# 99 years later, officer’s service to be recognized



## cc3915 (Mar 26, 2004)

A Metropolitan District Commission police officer for 25 years, Jimmy Celino knew most everything about the dearly departed force known as the Met.
So when the history buff came across an old newspaper article about the funeral of park policeman Robert D. Stewart, who was thrown from his horse while on patrol in the Blue Hills, he knew something was not right. He knew of all the Mets who had died in the line of duty, even from the early 1900s, but he had not known about Stewart.
Stewart, dead for almost a century, had been lost to history, his name absent from memorials to fallen officers.
"Once I saw the name, I knew,'' he said. An expert rider, Stewart was just 35, the article said, when he died in 1913. He left a wife and seven young children.

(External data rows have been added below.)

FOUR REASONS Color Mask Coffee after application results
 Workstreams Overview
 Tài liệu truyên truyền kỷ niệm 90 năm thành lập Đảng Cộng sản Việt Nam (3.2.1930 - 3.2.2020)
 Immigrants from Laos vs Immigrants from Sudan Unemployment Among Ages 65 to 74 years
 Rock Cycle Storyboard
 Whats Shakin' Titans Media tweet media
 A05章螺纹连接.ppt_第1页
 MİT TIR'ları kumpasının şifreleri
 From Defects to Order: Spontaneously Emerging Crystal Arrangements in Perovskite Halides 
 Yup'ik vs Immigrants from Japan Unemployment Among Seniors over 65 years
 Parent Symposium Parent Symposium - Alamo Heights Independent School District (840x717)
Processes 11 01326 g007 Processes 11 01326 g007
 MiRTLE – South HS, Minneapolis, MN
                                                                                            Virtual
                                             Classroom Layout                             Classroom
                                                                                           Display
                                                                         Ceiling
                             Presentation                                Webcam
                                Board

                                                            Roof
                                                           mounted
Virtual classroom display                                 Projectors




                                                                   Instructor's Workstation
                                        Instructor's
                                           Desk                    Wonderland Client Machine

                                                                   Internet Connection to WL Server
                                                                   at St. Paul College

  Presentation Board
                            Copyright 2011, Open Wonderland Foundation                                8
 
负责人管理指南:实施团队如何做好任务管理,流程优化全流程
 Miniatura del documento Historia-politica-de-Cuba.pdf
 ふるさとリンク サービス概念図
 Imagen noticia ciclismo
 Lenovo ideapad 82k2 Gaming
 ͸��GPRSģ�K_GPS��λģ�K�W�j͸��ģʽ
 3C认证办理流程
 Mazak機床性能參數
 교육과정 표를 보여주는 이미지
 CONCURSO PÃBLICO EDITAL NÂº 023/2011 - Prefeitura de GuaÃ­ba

http://www.bostonglobe.com/metro/20...jNoTP3WL4fsLbvtjK/story.html?s_campaign=sm_tw


----------



## cc3915 (Mar 26, 2004)

Rest in Peace Officer Stewart. Kudos to Jimmy Celino. Dave Benoit and Tommy Dolan for their efforts in researching this, so Officer Stewart could get the recognition he deserves.


----------



## kwflatbed (Dec 29, 2004)

RIP no listing in ODMP


----------



## 263FPD (Oct 29, 2004)

kwflatbed said:


> RIP no listing in ODMP


Yup. It should be put up.

Sent from my iPhone using Tapatalk


----------



## cc3915 (Mar 26, 2004)

I'm sure it will be soon. I'll be seeing the officers mentioned in the article next week, so I'll check on it.


----------



## trueblue (Jan 21, 2008)

Just checked ODMP. According to the reflections left for Officer Stewart it's been listed since atleast January 2012.


----------



## kwflatbed (Dec 29, 2004)

I submitted it to them.


----------



## BLUE BLOOD (Aug 31, 2008)

Nice touch, helped get a fallen brother on the wall from the 30's(MVA) a few years back. A lot of time, documentation, research and phonre calls to D.C. but more than worth it in the end.


----------



## cc3915 (Mar 26, 2004)

ODMP Remembers...











*Patrolman Robert D. Stewart*

Metropolitan Police Department, Massachusetts

End of Watch: Saturday, February 8, 1913
Patrolman Robert Stewart succumbed to injuries sustained two days earlier when he was thrown from his horse on Hillside Street in Milton. He was patrolling the Blue Hill Reservation at approximately 4:30 pm when the incident occurred.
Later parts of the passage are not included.